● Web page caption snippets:
- - -

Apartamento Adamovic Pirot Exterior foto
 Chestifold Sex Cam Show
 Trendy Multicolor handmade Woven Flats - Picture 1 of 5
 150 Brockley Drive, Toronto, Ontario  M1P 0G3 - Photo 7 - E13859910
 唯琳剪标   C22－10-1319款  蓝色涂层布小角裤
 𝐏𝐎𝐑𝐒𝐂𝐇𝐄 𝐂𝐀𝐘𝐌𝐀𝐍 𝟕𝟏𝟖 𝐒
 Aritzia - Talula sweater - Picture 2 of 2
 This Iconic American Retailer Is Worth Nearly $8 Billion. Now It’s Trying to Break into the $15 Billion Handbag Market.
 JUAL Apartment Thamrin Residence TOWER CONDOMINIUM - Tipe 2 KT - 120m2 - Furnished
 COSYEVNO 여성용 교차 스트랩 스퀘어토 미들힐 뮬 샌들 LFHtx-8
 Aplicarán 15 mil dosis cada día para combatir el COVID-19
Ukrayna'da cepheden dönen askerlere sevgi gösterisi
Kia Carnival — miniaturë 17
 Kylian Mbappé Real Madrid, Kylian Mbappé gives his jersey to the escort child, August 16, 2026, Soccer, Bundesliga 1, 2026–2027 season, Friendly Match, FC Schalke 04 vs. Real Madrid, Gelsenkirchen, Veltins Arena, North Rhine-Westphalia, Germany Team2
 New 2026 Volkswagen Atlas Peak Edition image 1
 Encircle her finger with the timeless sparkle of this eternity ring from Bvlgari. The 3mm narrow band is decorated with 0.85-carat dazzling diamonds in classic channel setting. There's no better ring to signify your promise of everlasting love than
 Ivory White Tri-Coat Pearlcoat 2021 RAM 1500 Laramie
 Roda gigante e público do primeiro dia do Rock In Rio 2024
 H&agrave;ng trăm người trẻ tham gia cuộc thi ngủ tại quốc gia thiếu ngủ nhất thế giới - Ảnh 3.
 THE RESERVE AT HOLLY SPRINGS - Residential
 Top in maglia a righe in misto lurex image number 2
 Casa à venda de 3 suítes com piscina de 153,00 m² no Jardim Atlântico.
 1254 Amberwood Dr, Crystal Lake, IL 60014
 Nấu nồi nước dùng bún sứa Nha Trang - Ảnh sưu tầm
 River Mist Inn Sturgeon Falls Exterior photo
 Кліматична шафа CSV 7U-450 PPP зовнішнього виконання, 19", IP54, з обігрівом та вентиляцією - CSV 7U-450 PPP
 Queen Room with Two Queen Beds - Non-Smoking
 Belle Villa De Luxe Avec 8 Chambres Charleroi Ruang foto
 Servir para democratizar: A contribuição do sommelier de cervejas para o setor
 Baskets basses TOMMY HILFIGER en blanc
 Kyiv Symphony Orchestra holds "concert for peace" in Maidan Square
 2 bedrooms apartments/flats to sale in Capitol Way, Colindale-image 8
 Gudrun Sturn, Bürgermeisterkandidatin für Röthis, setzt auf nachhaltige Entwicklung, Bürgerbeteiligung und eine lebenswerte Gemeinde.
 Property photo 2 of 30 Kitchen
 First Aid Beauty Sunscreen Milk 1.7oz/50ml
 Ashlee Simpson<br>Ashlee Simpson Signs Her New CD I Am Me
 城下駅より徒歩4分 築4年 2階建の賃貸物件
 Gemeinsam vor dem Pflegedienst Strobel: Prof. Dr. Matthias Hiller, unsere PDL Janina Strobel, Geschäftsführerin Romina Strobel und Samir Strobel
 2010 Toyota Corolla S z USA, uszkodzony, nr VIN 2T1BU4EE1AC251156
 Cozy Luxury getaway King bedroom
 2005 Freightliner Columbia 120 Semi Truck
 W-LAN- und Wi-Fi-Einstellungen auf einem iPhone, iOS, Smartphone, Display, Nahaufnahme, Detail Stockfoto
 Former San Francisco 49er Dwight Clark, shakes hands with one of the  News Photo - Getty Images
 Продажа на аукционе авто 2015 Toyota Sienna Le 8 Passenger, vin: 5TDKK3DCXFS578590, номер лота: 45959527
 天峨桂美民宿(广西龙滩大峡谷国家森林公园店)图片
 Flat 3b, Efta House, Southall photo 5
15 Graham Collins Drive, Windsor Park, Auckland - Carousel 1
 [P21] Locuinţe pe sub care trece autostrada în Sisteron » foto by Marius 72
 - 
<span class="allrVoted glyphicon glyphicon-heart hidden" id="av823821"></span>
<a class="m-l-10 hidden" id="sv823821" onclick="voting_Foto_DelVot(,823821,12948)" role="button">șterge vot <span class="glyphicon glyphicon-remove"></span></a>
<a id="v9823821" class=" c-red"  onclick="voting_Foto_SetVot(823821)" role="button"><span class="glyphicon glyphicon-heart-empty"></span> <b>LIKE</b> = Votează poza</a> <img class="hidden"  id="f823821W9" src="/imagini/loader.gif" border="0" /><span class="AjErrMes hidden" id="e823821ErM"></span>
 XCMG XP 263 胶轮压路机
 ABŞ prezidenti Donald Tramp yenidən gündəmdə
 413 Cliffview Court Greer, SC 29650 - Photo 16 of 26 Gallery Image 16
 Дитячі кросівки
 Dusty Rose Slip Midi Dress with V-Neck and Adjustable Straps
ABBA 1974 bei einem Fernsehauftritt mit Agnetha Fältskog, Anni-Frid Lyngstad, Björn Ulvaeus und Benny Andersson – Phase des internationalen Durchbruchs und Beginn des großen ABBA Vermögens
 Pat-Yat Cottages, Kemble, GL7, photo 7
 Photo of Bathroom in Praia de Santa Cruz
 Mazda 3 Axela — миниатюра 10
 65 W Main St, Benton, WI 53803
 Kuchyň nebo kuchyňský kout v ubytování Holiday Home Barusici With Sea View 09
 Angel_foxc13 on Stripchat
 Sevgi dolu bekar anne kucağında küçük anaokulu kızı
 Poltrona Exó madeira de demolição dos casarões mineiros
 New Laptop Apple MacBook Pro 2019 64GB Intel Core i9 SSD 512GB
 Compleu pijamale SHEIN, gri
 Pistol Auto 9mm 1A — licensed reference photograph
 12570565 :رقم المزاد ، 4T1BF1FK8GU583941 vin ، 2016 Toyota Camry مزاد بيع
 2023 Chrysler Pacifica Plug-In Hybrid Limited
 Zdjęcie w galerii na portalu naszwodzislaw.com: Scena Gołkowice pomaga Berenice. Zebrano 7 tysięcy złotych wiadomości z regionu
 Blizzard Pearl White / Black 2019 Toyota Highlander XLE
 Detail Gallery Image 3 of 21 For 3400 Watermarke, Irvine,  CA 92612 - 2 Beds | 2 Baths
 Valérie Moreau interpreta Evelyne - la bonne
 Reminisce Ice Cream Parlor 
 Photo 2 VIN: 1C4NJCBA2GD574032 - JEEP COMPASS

- - -

● TO DO: Copy out the lines above with "White" in them.

● REPLY:
 Ivory White Tri-Coat Pearlcoat 2021 RAM 1500 Laramie
 Blizzard Pearl White / Black 2019 Toyota Highlander XLE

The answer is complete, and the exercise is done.